Kiedy Alicja przekroczyła granice Starego Miasta, miała nadzieję na spokój, ciszę i zieleń. Ale zamiast raju odnalazła popiół, śmierć i pustkę. Nadzieja okazała się tylko kłamstwem – a nowy świat równie niebezpieczny, jak ten, przed którym uciekła.
Alicja – już nie pionek, lecz gracz
W tomie drugim Alicja przestaje być ofiarą. Przestaje być „zabawką Królika”, „pionkiem Cheshire’a” czy „zdobyczą Dżaberłaka”. Z każdym krokiem nabiera siły, z każdą decyzją odzyskuje kontrolę. Ale świat, w którym się znalazła, nie wybacza słabości. Tu każdy błąd kosztuje życie – nie zawsze własne.
Czerwona Królowa wzywa. To nie tylko tytuł – to stan umysłu, transformacja. Alicja dojrzewa do roli, w której może zmienić reguły gry. Ale by to zrobić, musi zmierzyć się z przeszłością, złamać zaklęcia i przyjąć ciemność, która od zawsze w niej drzemała.
Retelling, który boli i fascynuje
Ta książka nie jest miłą wariacją na temat klasyki. Czerwona Królowa to brutalna, psychodeliczna podróż przez świat pełen przemocy, uzależnień, obłędu i tęsknoty za wolnością. To opowieść o traumie, która kształtuje rzeczywistość, i o tym, że potwory często kryją się nie w krzakach – ale w naszych głowach.
Autor w mistrzowski sposób przeplata znane motywy z Alicji w Krainie Czarów z całkowicie nową, oryginalną narracją. Zabawki z dzieciństwa stają się narzędziami tortur, słodkie stworzonka – psychopatami, a bajkowe krainy – polami bitew.
Czytelnik nie czuje się tu komfortowo.
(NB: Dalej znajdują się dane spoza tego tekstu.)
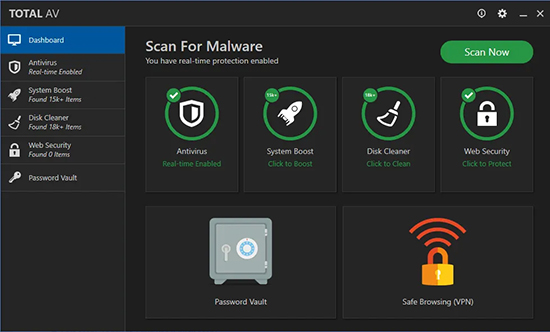 Phần mềm diệt virus Total AV Antivirus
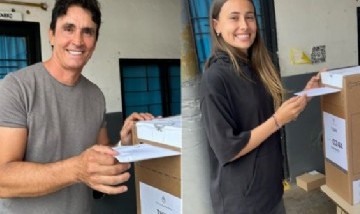 Sebastián Estevanez compartió las imágenes del primer sufragio de su hija Francesca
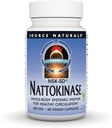 Source Naturals NSK-SD, Nattokinase, Végétarien Friendly, Enzyme systémique du corps entier pour une circulation saine*, 200 mg - 60 Capsules végétariennes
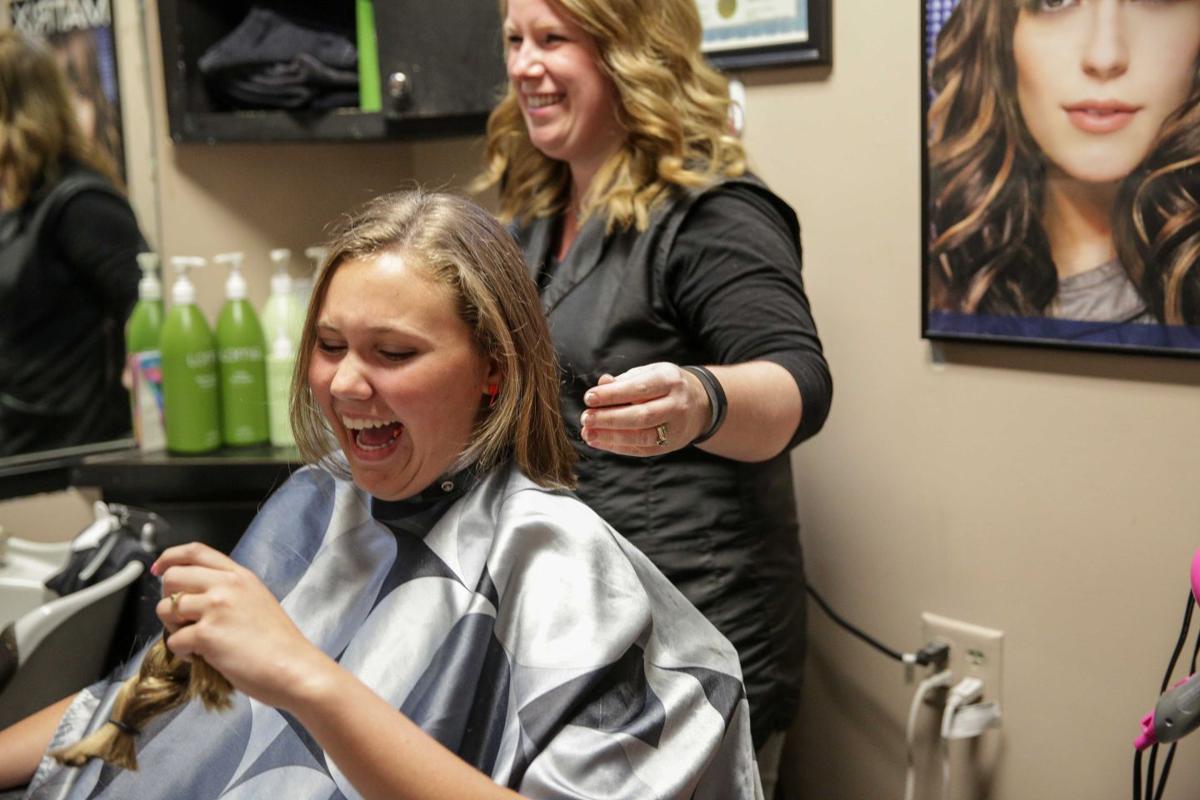 mason city teens donate hair for cancer patients | mason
Ale właśnie dlatego ta historia działa.
Postaci, których się nie zapomina
W drugim tomie powracają znane z pierwszej części postacie, lecz każda z nich przechodzi ewolucję:
-
Alicja – twarda, zraniona, pozornie złamana, ale wciąż zdolna do walki. Jej siła nie leży w magii, lecz w determinacji i gniewie.
-
Królika już nie ma. A może jest… tylko pod innym imieniem?
-
Cheshire przestaje się uśmiechać – czas maskarady się kończy.
-
Nowi gracze pojawiają się na scenie – potężniejsi, bardziej okrutni, bardziej nieprzewidywalni niż poprzednicy.
To świat, w którym nie ma bohaterów. Są tylko ocaleni.
Świat jak po złym śnie
Autor w Czerwonej Królowej rozciąga granice wyobraźni. Każda scena jest jak sen – piękna i przerażająca zarazem. Scenerie to nie tylko tło, ale integralna część opowieści: złowieszcze bagna, zniszczone katedry, wraki dawnych miast, w których wciąż słychać echo dziecięcych śmiechów.
To literacki odpowiednik tripu – jazdy bez trzymanki przez krainę zbudowaną z magii, wspomnień i szaleństwa. I choć brzmi to jak chaos, całość jest perfekcyjnie przemyślana, z wyczuciem balansująca na granicy horroru i poezji.
Dark fantasy, które wyrywa się z ram
Czerwona Królowa to nie tylko opowieść o Alicji. To komentarz społeczny, analiza traumy, dekonstrukcja bajkowej niewinności. Jeśli lubisz literaturę, która nie głaszcze, ale rzuca cię w przepaść i patrzy, czy się podniesiesz – ta książka jest dla Ciebie.
Idealna dla fanów:
-
dark fantasy i psychologicznego horroru,
-
retellingów znanych baśni w nowej, dojrzałej odsłonie,
-
serii takich jak Opowieści z Meekhańskiego Pogranicza, Cień i kość, Wojna Lotosowa,
-
książek, które stawiają pytania, a nie udzielają odpowiedzi.
Styl, który tnie jak nóż
Język tej powieści jest surowy, brutalny, ale też pięknie rytmiczny. Autor bawi się formą, przerywa narrację wizjami, rozbija zdania niczym szklanki. To styl, który od pierwszych stron mówi: nie będzie łatwo. Ale jeśli przetrwasz, zostaniesz nagrodzony.
Każde słowo ma tu znaczenie. Każdy dialog niesie podtekst. Każda scena może zmienić bieg historii.